The resulting file `entity_counts.png` should look like:

![entity_counts.png](answer_entity_counts.png)

The resulting file `chunk_counts.png` should look like:

![chunk_counts.png](answer_chunk_counts.png)

## Test `plot_token_cloud`, `plot_entity_cloud` and `plot_chunk_cloud`

Complete the implementation of these functions in `spacy_on_corpus.py`. Make sure to exclude tokens that are 'uninformative'.

Then, in the code cell below import `spacy_on_corpus` and run each of these functions on `my_corpus`.

In [None]:
# import
import spacy_on_corpus
# call plot_word_cloud on my_corpus
spacy_on_corpus.plot_token_cloud(my_corpus)
spacy_on_corpus.plot_entity_cloud(my_corpus)
spacy_on_corpus.plot_chunk_cloud(my_corpus)

The resulting file `token_wordcloud.png` should look like:

![token_wordcloud.png](answer_token_wordcloud.png)

The resulting file `entity_wordcloud.png` should look like:

![entity_wordcloud.png](answer_entity_wordcloud.png)

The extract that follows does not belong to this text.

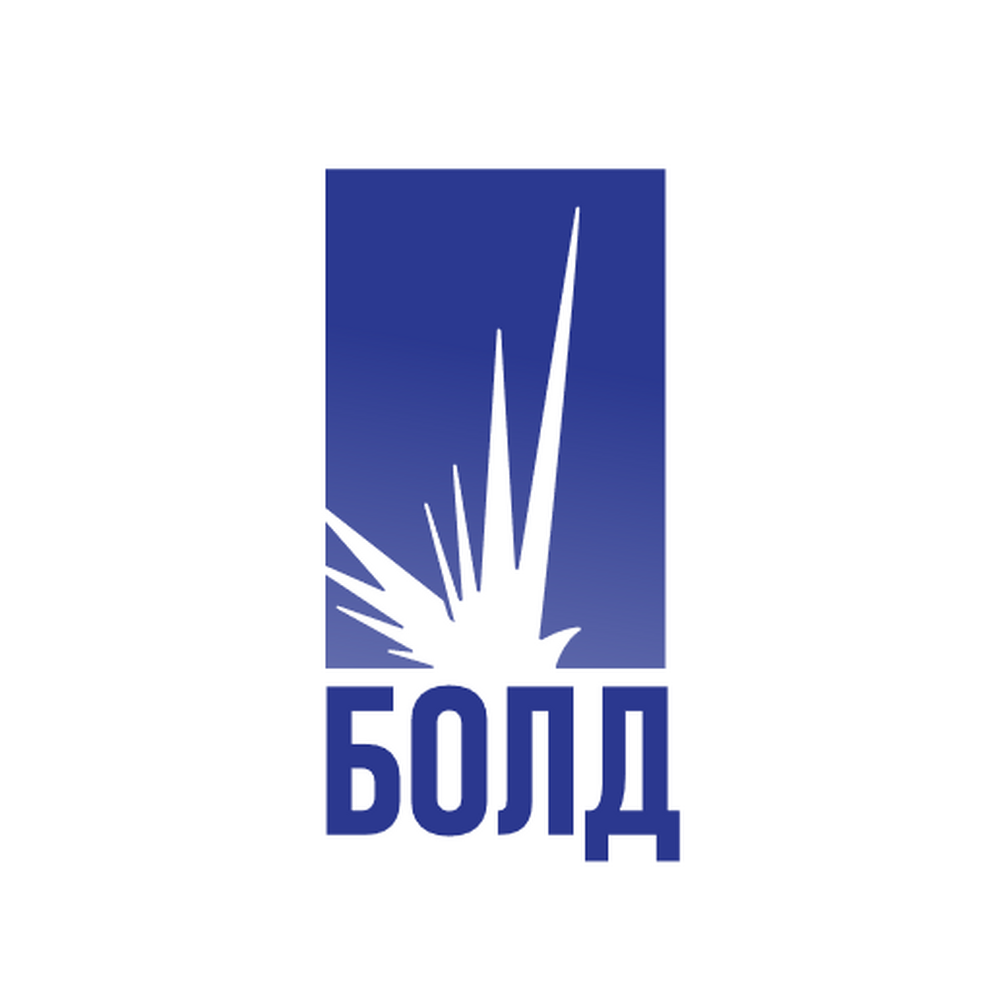 БОЛД призовава за подкрепа на Европейската гражданска инициатива за безопасен и достъпен аборт в Европа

The resulting file `chunk_wordcloud.png` should look like:

![chunk_wordcloud.png](answer_chunk_wordcloud.png)

# Running `spacy_on_corpus.py` from the Terminal

Complete the implementation of `main` in `spacy_on_corpus.py`. 

Now run this in the terminal:
% `python spacy_on_corpus.py`

Give it `files.jsonl.zip` as the pattern. Get all of 'statistics', 'count' and 'cloud' for 'corpus', and for any document id, 'statistics', 'markdown' and 'table' for that document..

Copy the published statistics:
```
here
```

Insert the images generated when you run it.

### Token count plot


### Entity count plot

### Chunk count plot


### Token cloud

### Entity cloud

### Chunk cloud


### Publication year plot


### Page count plot


# Questions

Answer these questions.

1. *What are some simple rules for sentence segmentation (splitting text into sentences)?*
2. *What is an example sentence where your simple rules don't work?*
3. *Why might I care what the syntax of a sentence is?*
4. *Why might I care about the 'vector similarity' between two sentences?*
5. *What is one difference between `en_core_web_sm` and `en_core_web_md`?